Pero el mensaje central de ambos pasajes paralelos es que Dios se les muestra como un Padre misericordioso a quienes tienen una actitud de “pobres”, -es decir, reconocen humildemente su necesidad de salvación-, y lo que Él les revela son los hechos liberadores en los cuales se manifiesta su Reino, que es el poder del Amor. Para reconocer estos hechos como tales se necesita una disposición diametralmente opuesta a la arrogancia de los sabios y entendidos, que creen poder explicarlo todo por sí mismos y por eso no son capaces de una verdadera experiencia de Dios. Jesús se refiere así a los doctores de la Ley que oprimían al pueblo con prescripciones basadas en el temor, muy distantes del reconocimiento del Dios clemente y compasivo, lento a la cólera y rico en piedad, bueno y cariñoso con todas sus criaturas, al cual se refiere el salmo responsorial de este domingo [Salmo 145 (144)].

2.- “Todo me lo ha entregado mi Padre, nadie conoce al Padre sino el Hijo, y aquél a quien el Hijo se lo quiera revelar”

Cinco veces aparece el término Padre en este pasaje del Evangelio. La novedad y la esencia de la buena noticia proclamada por Jesús de palabra y con sus propios hechos liberadores, es precisamente que nuestro Creador es un Padre compasivo y misericordioso.

A este Dios verdadero no podemos conocerlo tal como es -como el Dios que es Amor- sólo por nuestra propia inteligencia, es decir, no podemos tener una experiencia vital de Él únicamente en virtud de nuestro propio esfuerzo, sino que es Él mismo quien se nos da a conocer en la persona de Jesucristo y por la acción de su Espíritu Santo. Este mismo Espíritu habita y actúa en nosotros, como dice san Pablo en la 2ª lectura, cuando lo que rige nuestra existencia no es lo material y exterior (“la carne”), sino que abrimos humildemente nuestras mentes y corazones a una vivencia interior de Dios: “Ustedes no están sujetos a la carne, sino al espíritu, ya que el Espíritu de Dios habita en ustedes”.

3.- “Vengan a mí todos los que están cansados y agobiados, y yo los aliviaré; carguen con mi yugo y aprendan de mí, que soy manso y humilde de corazón”

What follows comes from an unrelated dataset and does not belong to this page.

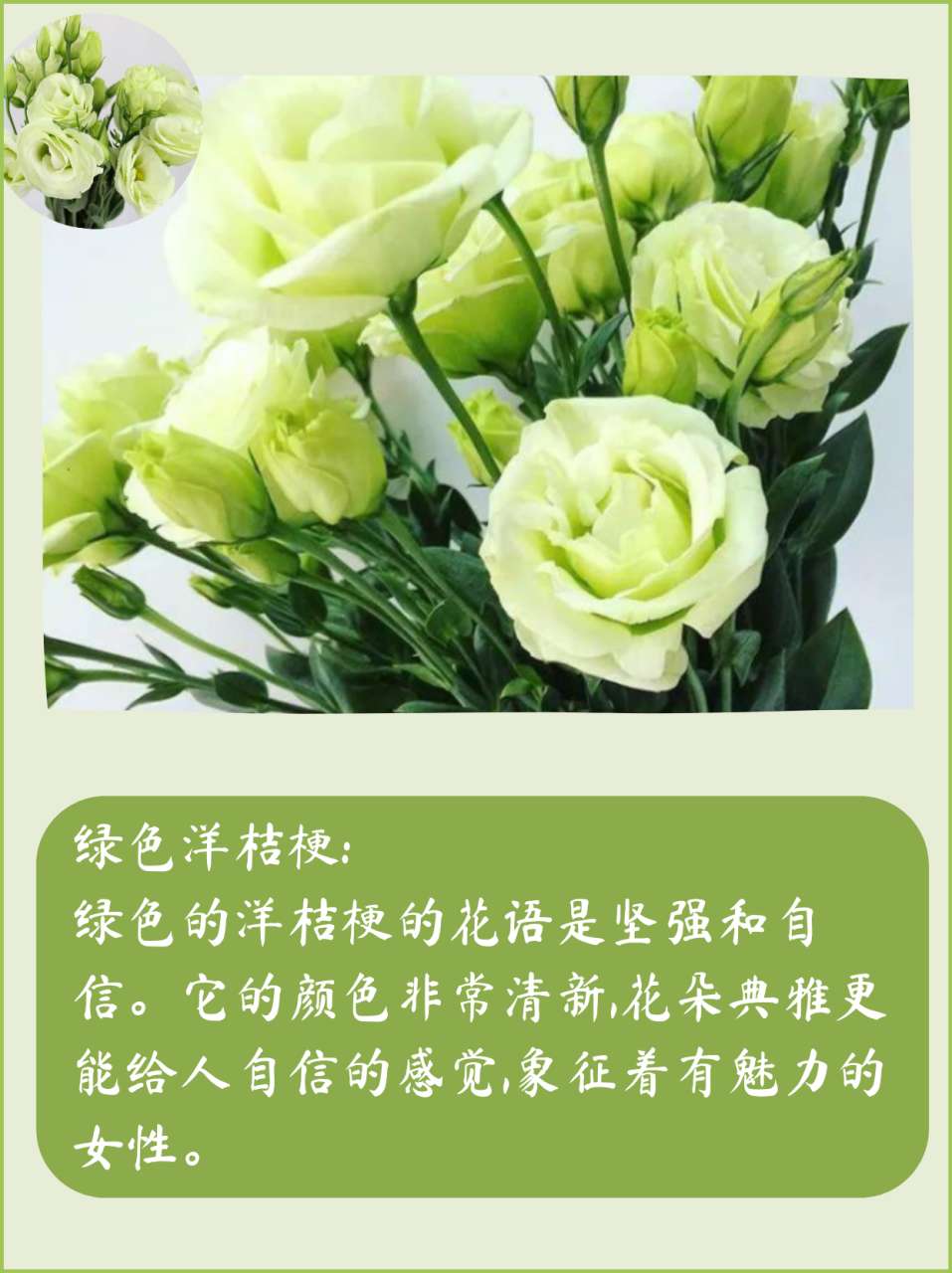 洋桔梗花的花语和象征（不同颜色的洋桔梗鲜花花语及寓意）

La actitud de mansedumbre y humildad que caracteriza a Jesús y contrasta con el talante de violencia y arrogancia propio de los poderosos de la tierra, había sido anunciada unos 550 años antes por el profeta Zacarías, quien se refirió al Mesías prometido con la imagen que nos presenta la primera lectura (Zc 9, 9-10), la misma que evocaría el evangelista san Mateo al relatar la entrada de Jesús a Jerusalén pocos días antes de su pasión (Mt 21, 4-5): “Alégrate, hija de Sión; canta, hija de Jerusalén; mira a tu rey que viene a ti justo y victorioso, modesto y cabalgando en un asno”.

Los “doctores de la Ley”, contemporáneos de Jesús y de los inicios del cristianismo, imponían cargas pesadas sobre la gente, que se sentía agobiada por el peso de tantas normas, de tanto legalismo y ritualismo. Habían convertido la religión en un conjunto de prácticas externas desligadas de lo esencial, vacías de espíritu, vacías de amor, vacías de Dios. Jesús se presenta a sí mismo como el Maestro paciente y cercano que, sin imposiciones autoritarias, sin humillar a los demás como lo hacían aquellos “doctores” -y como lo hacen siempre los que se creen “sabios y entendidos” despreciando a quienes no tienen sus conocimientos-, nos invita a reconocer a Dios como un Padre compasivo y a vivir la ley interior del amor, para lo cual Él mismo nos ofrece la comunicación de su Espíritu. Abrámosle espacio entonces en nuestras mentes y corazones al Espíritu Santo, para que nos disponga a dejarnos enseñar por el único Maestro que puede guiarnos hacia una experiencia vital de Dios: nuestro Señor Jesucristo-.